Baichuan2¶

模型描述¶

Baichuan2 是由百川智能开发的开源可商用的大规模预训练语言模型，基于 Transformer 结构，支持中英双语，上下文窗口长度为 4096。目前支持Baichuan2-7B和Baichuan2-13B模型，参数量分别为70亿和130亿。本仓库提供了Baichuan2-7B和Baichuan2-13B预训练模型。

代码结构介绍¶

Baichuan2 基于 mindformers 实现，主要涉及的文件有：

模型具体实现：research/baichuan2

baichuan2
    ├── baichuan2_tokenizer.py       # tokenizer
    ├── baichuan2_7b.py              # 7B模型实现
    └── baichuan2_13b.py             # 13B模型实现

模型配置：research/baichuan2

baichuan2
    ├── run_baichuan2_7b.yaml             # 7B全量微调910a启动配置
    ├── run_baichuan2_13b.yaml            # 13B全量微调910a启动配置
    ├── run_baichuan2_7b_910b.yaml        # 7B全量微调910b启动配置
    └── run_baichuan2_13b_910b.yaml       # 13B全量微调910b启动配置

数据处理脚本和任务启动脚本：research/baichuan2

baichuan2
    ├── belle_preprocess.py            # belle数据集预处理脚本
    └── run_baichuan2.py               # baichuan2高阶接口使用脚本

环境要求¶

硬件：Ascend 910A
MindSpore：2.0.0 / 1.10.1
MindFormers版本：dev

注：Baichuan2-7B推理可在单机单卡上完成部署，全量微调至少需要16卡。Baichuan2-13B推理至少需要4卡，全量微调至少需要16卡。

权重准备¶

本仓库提供已经转换完成的预训练权重用于训练/微调/推理，用户可自行从下方链接拉取后直接使用，Base用于微调，Chat用于推理。
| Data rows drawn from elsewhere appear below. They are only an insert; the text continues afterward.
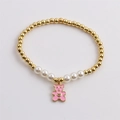 Bracciale di perle e sfere dorate con un grazioso ciondolo a forma di orso rosa - Ciondolo Orso Smaltato / Rosa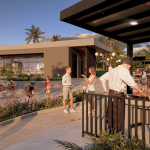 La gente se reúne en Villabosque Nativo, una moderna zona al aire libre con vegetación, palmeras y edificios contemporáneos. Algunos se relajan en las escaleras, mientras otros socializan o asan comida bajo una pérgola, todos disfrutando del día soleado.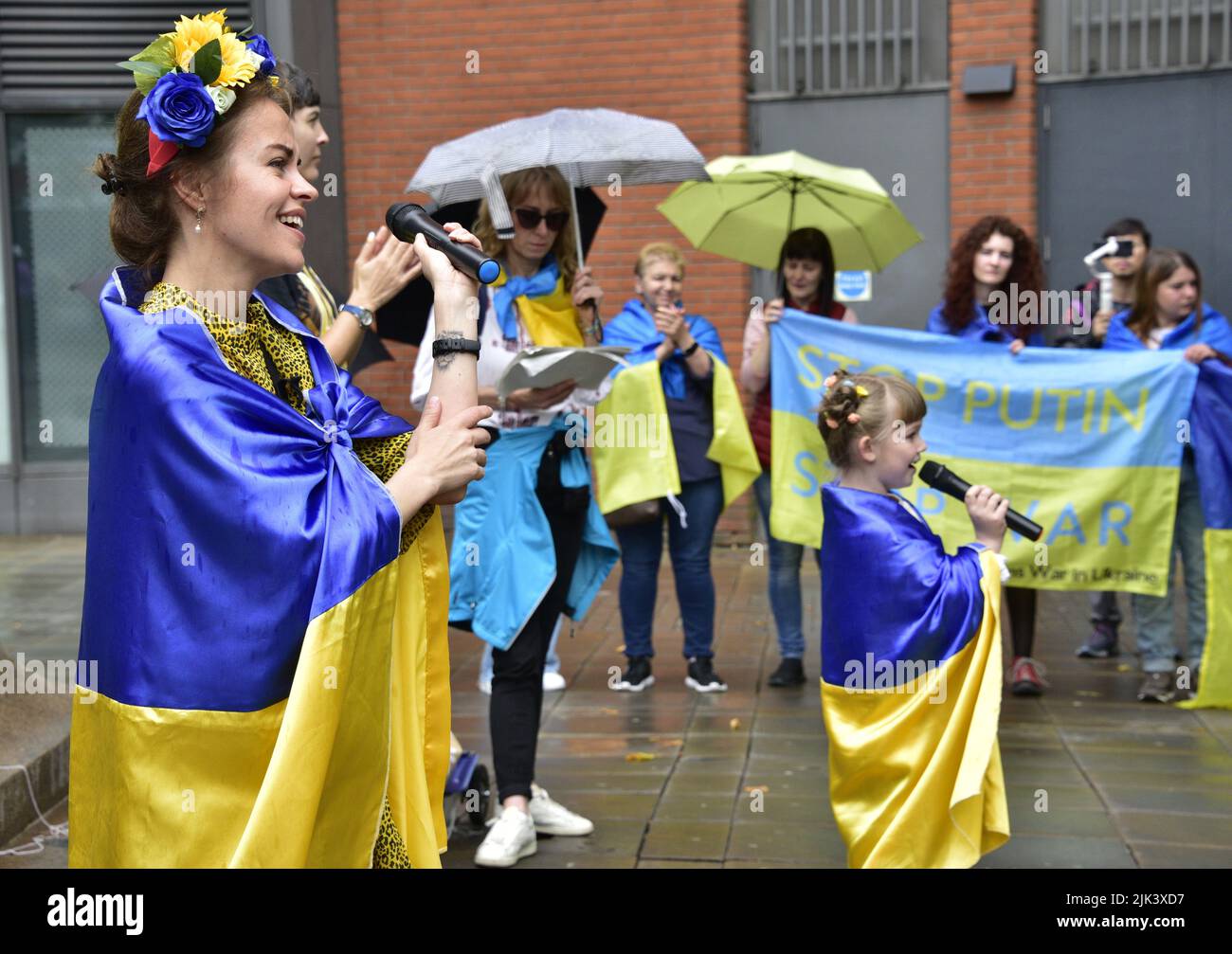 Manchester, UK, 30th July, 2022. “Stand with Ukraine” anti-war rally, a protest about the Russian invasion of Ukraine in Piccadilly Gardens, central Manchester, England, United Kingdom, British Isles. The protests are organised by the Ukrainian Cultural Centre, Manchester. Credit: Terry Waller/Alamy Live News Stock Photo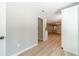 Open hallway with neutral walls and modern lighting at 703 Alvis Ln, Norcross, GA 30093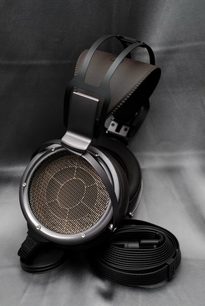 Cuffia hi-fi aperta STAX SR-X9000 nera, vista di tre quarti frontale, appoggiata su cavo arrotolato, trasduttori circolari argentati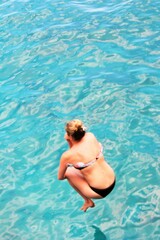girl jump in sea unrecognizable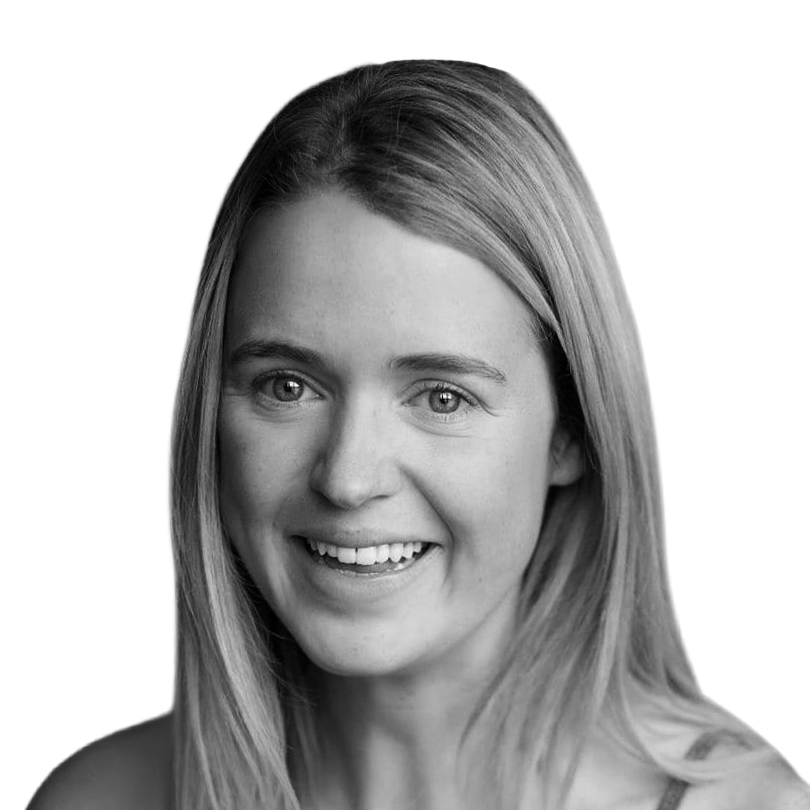 Black and white portrait of a smiling young woman with straight hair, looking at the camera.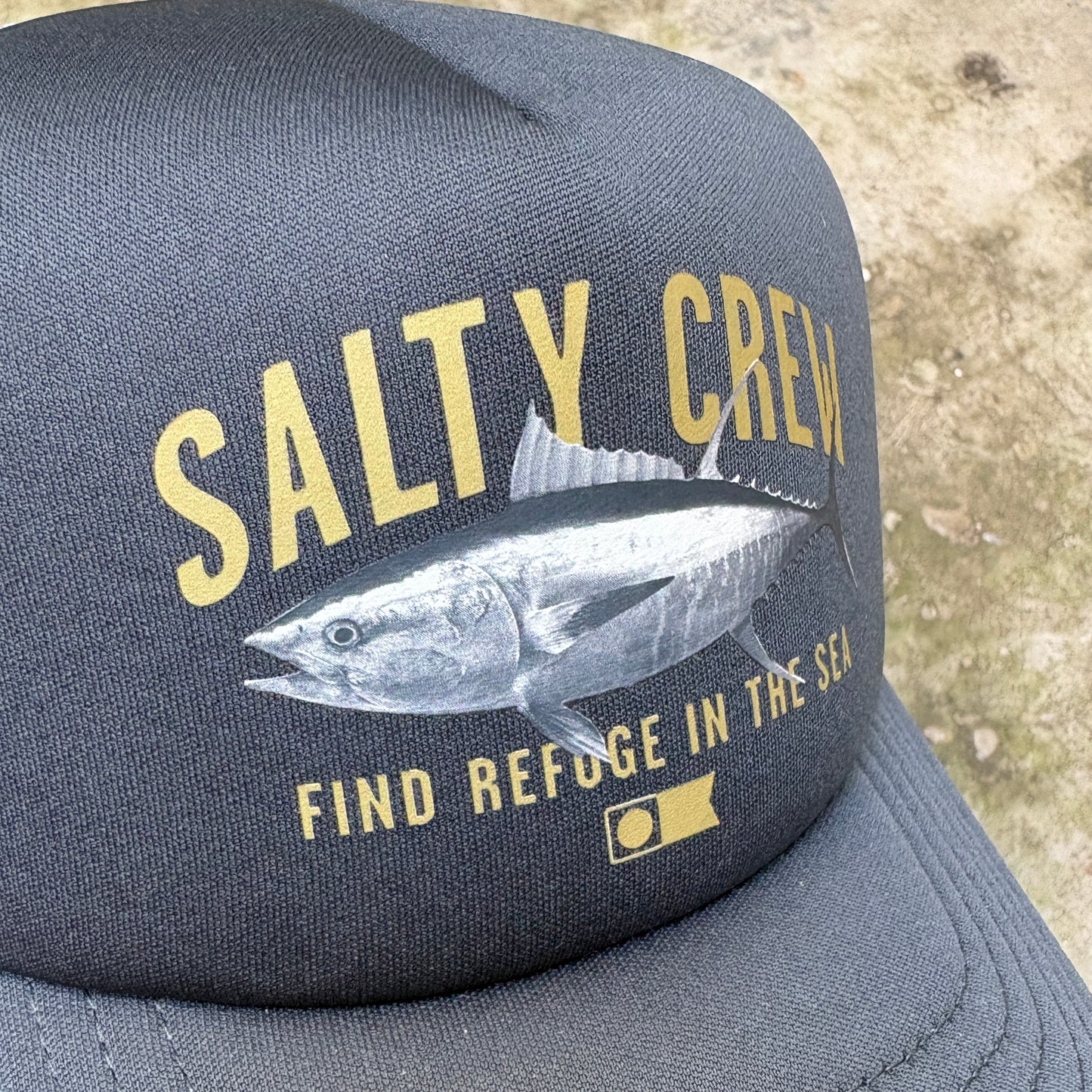 A dark gray trucker-style cap featuring a large graphic print of a tuna fish and the text 'SALTY CREW' and 'FIND REFUGE IN THE SEA' in yellow, photographed outdoors against a sandy ground.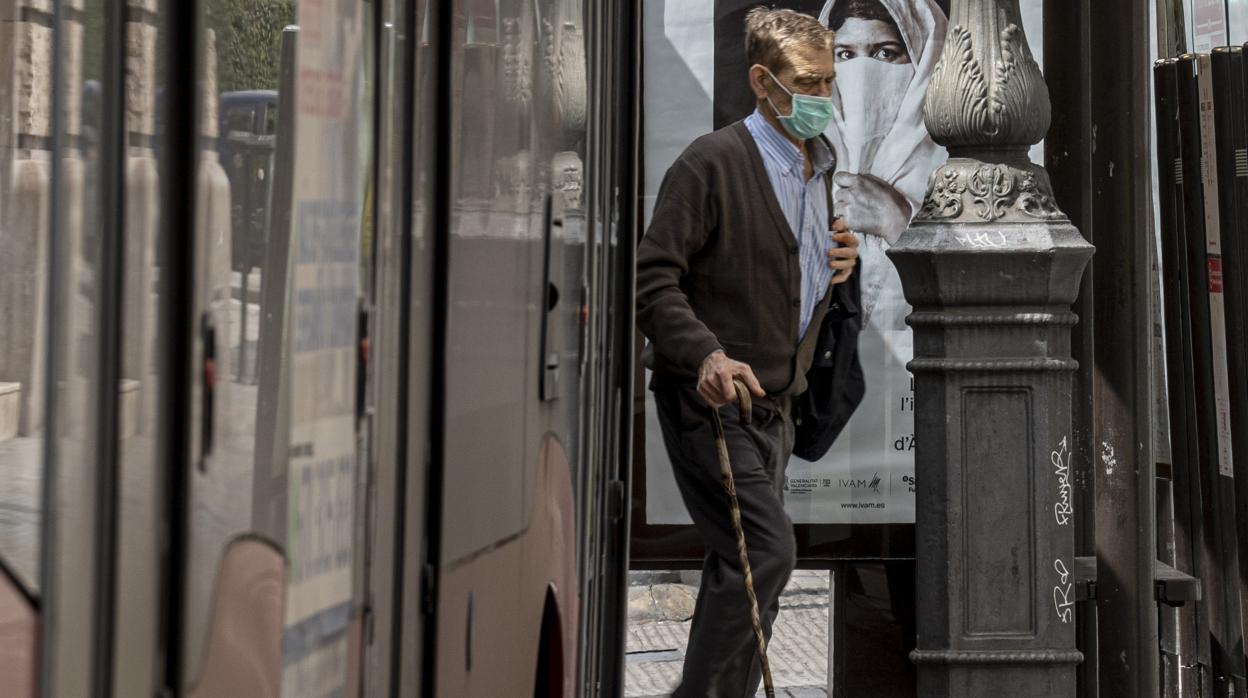 Imagen de un hombre con mascarilla caminando por la calle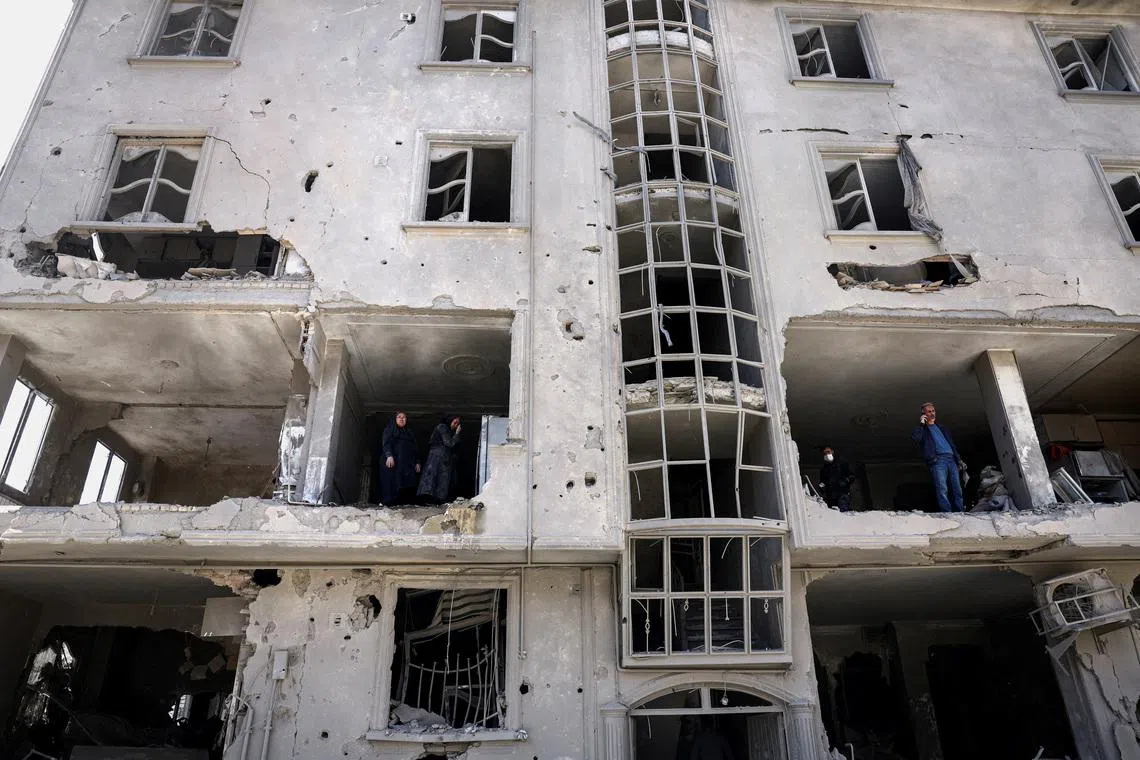 People inspect damage to a residential building after it was hit by a strike, amid the U.S.-Israeli conflict with Iran, in Tehran, Iran, March 30, 2026. Majid Asgaripour/WANA (West Asia News Agency) via REUTERS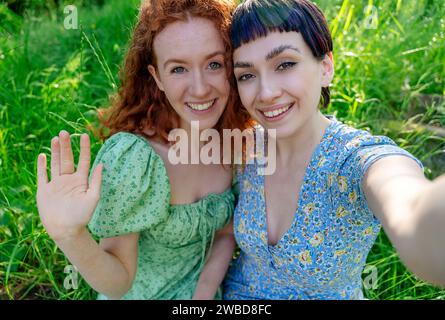 two friend, girlfriend and women using a mobile phone, camera and taking selfie in public park. Romantic concept Stock Photo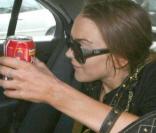 Lindsay Lohan sortant de l'hôtel de Samantha Ronson ce matin...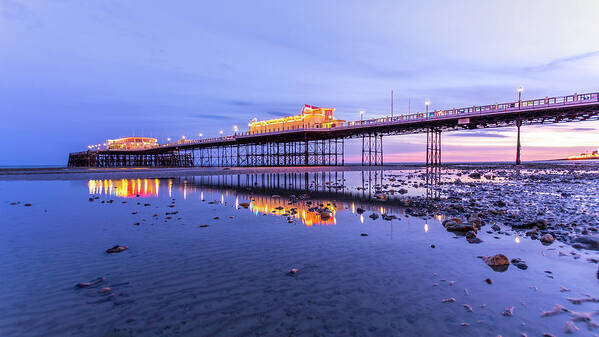 Beach Poster featuring the photograph Reflection of the pier at sunset by Andrew Lalchan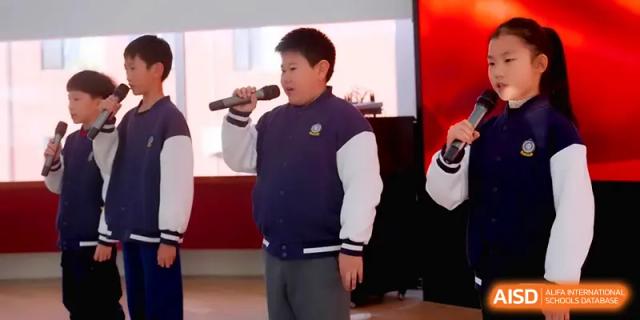 A young male student sings or speaks into a microphone during a talent show or school assembly at Beijing Xinxuedao Linchuan School.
也可选择从huggingface下载预训练权重后根据以下步骤进行权重转换，需要下载整个工程，huffingface权重的链接如下：

注: 请安装torch=2.0.0和transformers=4.29.2版本

pip install torch==2.0.0 -i https://pypi.tuna.tsinghua.edu.cn/simple
pip install transformers==4.29.2 -i https://pypi.tuna.tsinghua.edu.cn/simple

下载完成后，运行/research/baichuan/convert_weight.py转换脚本，将huggingface的权重转换为完整的ckpt权重。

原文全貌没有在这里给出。